The monster accused of cornering a beloved Brooklyn grandmother in her building’s elevator and setting her ablaze waged a months-long campaign of terror against the defenseless victim — stealing the keys to her apartment and repeatedly jamming the locks every time she changed them, relatives said yesterday.

“The keys went missing for three or four days in June. He took them and made copies of them,” fumed Saeed Norris, 17, slay victim Delores Gillespie’s grieving grandson.

Suspect Jerome “Jerry” Isaac, who is being held without bail at Rikers on murder and arson charges, allegedly harassed the terrified woman, claiming she owed him more than $2,100 for odd jobs he supposedly did in her apartment.

The madman apparently snapped when the 73-year-old postal clerk refused to pay him anything after she caught him stealing her belongings.

“She changed the locks because he kept breaking in. He would jam the locks, so she had to keep changing them,” Norris said.

Maurice Gillespie, 37, Norris’ dad, said his mother “put tape on her door” to check if anyone had opened it while she was out, and “changed the locks every two weeks.”

Relatives described Gillespie as a pack rat, which is why she hired Isaac.

“That’s how he met her, she was a hoarder. He helped her clean out the apartment, and then she found out he was stealing stuff,” Norris said.

Maurice said his lonely mother first hired Isaac to help her out, but later paid him simply to keep her company.

“[Isaac] told me he saw how everybody loved her and praised her, and he told me that he wanted to help her out. She paid him every day just to sit around,” the teen said.

The relatives said that Gillespie’s apartment was packed floor-to-ceiling with her belongings, and that her bedroom was barricaded so that no one could get inside.

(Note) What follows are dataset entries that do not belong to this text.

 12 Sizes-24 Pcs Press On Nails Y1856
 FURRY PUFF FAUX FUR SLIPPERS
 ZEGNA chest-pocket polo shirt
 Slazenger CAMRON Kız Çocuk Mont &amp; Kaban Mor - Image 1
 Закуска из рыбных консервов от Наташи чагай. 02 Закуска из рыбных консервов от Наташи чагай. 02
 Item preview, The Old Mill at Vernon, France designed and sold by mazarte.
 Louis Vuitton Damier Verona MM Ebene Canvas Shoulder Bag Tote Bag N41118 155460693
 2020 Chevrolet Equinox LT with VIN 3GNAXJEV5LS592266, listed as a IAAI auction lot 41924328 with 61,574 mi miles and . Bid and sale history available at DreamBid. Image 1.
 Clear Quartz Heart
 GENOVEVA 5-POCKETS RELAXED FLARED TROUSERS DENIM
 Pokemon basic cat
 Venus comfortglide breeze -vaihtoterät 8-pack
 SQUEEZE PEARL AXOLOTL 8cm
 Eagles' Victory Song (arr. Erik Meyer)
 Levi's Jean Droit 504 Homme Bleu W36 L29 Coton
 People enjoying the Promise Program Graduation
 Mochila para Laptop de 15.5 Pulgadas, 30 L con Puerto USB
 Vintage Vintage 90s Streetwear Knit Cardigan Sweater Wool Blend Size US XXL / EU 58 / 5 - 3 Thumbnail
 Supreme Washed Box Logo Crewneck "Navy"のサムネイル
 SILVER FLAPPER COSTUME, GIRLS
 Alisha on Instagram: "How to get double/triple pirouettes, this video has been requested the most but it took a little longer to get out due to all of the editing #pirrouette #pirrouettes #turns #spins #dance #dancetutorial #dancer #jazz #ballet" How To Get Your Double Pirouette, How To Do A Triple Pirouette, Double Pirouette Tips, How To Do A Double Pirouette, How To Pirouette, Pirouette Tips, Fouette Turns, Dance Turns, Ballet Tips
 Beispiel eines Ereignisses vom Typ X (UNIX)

Norris said he once threw Isaac out of his grandmother’s house because “he was aggressive, he had an attitude,” although he said he did not get physical.

Neighbor Lamont Mathias, 50, said Isaac was never violent before the attack, even when provoked.

“One time, I yelled at him to get the f–k out of my way, and he didn’t say one word back,” Mathias said. “I don’t trust people who won’t look you in the eye. He would never look anybody in the eye. [But] I never saw him violent. That’s why I’m shocked.”